Short text fragments from websites:
——————————
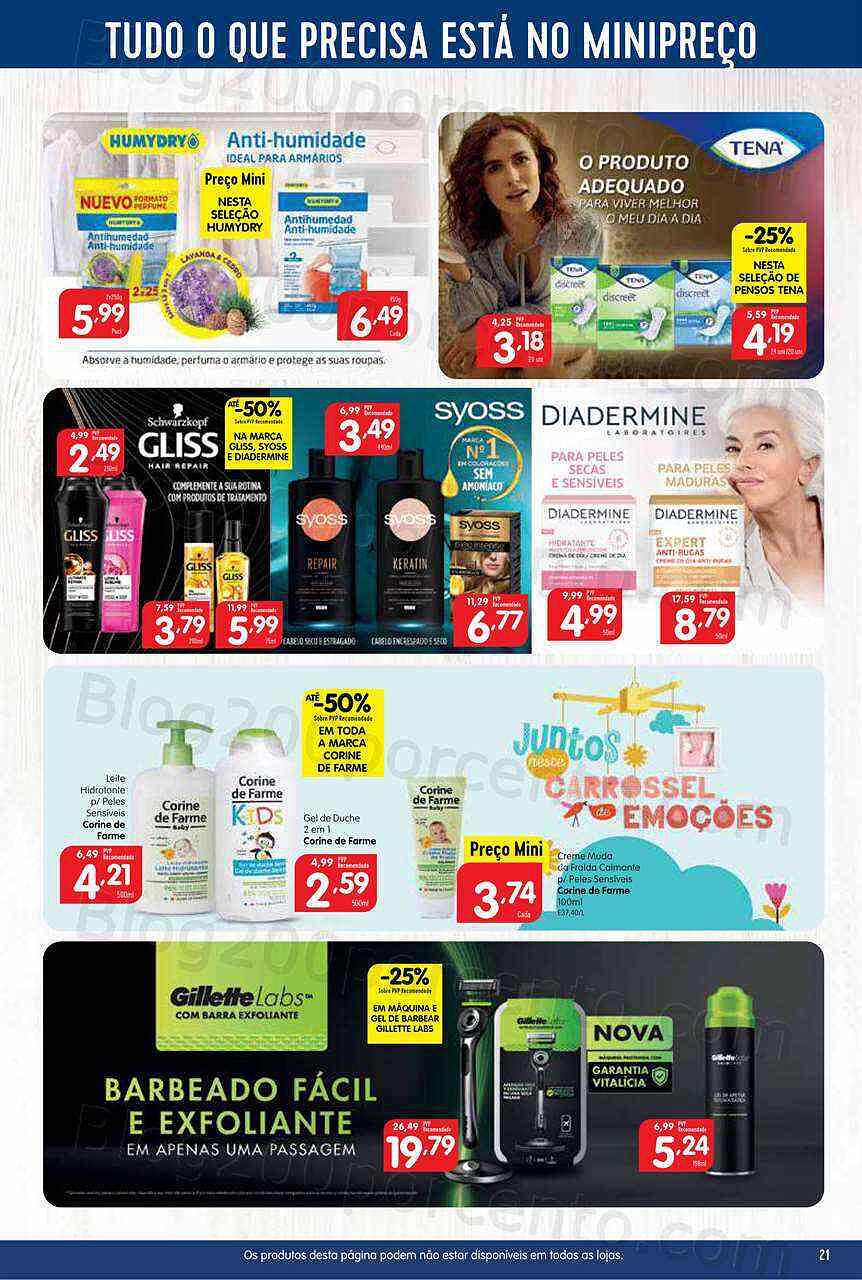 Antevisão Folheto MINIPREÇO Promoções de 5 a 11 janeiro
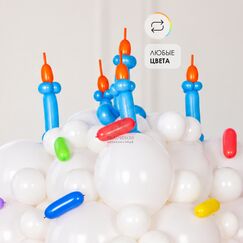 Фигура из шаров 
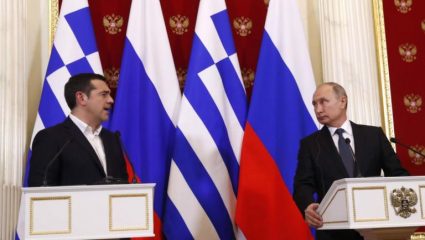 Πούτιν για τις απελάσεις Ρώσων διπλωματών: Σαχλαμάρες τα περί συνωμοσίας εις βάρος της Ελλάδας Πούτιν για τις απελάσεις Ρώσων διπλωματών: Σαχλαμάρες τα περί συνωμοσίας εις βάρος της Ελλάδας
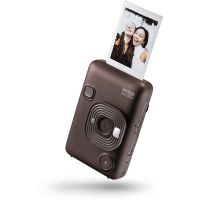 camara digital compacta fujifilm instax mini liplay 5 mp sensor cmos bluetooth bronce instantanea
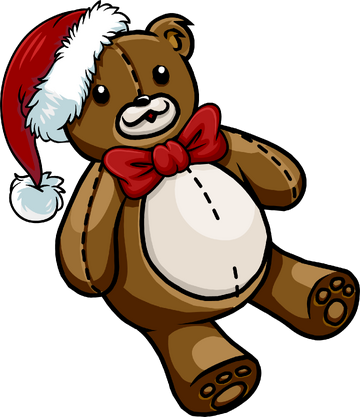 Club penguin teddy bear clearance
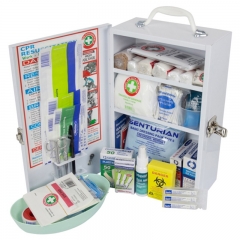 First Aid Plastic Case Kits 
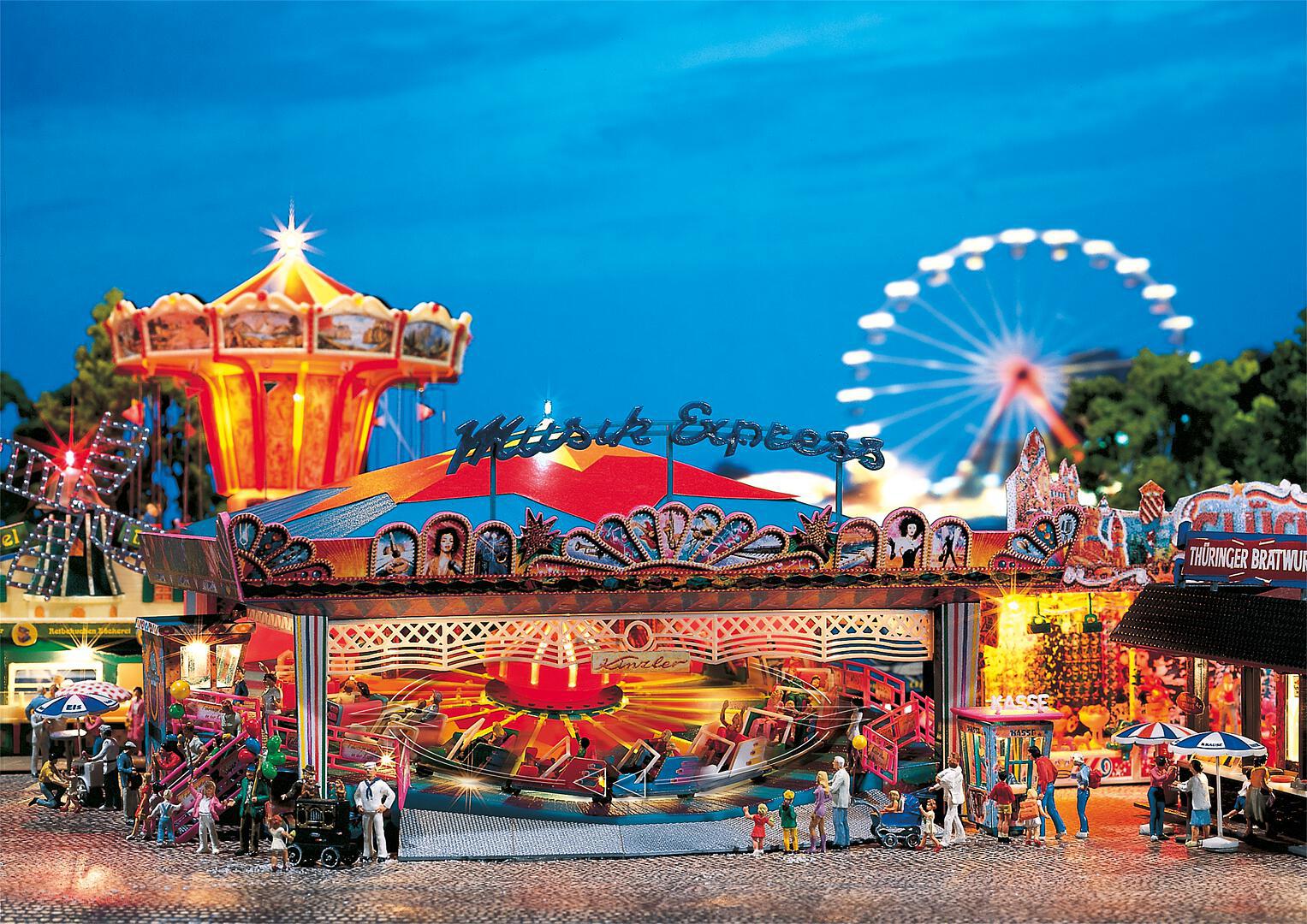 Carrousel Muziek Expres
——————————
■ PROBLEM REQUIREMENTS: A faithful, word-for-word copy of the records above, pictures left out, is the answer.

■ ANSWER SPACE:
 Antevisão Folheto MINIPREÇO Promoções de 5 a 11 janeiro
 Фигура из шаров 
 Πούτιν για τις απελάσεις Ρώσων διπλωματών: Σαχλαμάρες τα περί συνωμοσίας εις βάρος της Ελλάδας Πούτιν για τις απελάσεις Ρώσων διπλωματών: Σαχλαμάρες τα περί συνωμοσίας εις βάρος της Ελλάδας
 camara digital compacta fujifilm instax mini liplay 5 mp sensor cmos bluetooth bronce instantanea
 Club penguin teddy bear clearance
 First Aid Plastic Case Kits 
 Carrousel Muziek Expres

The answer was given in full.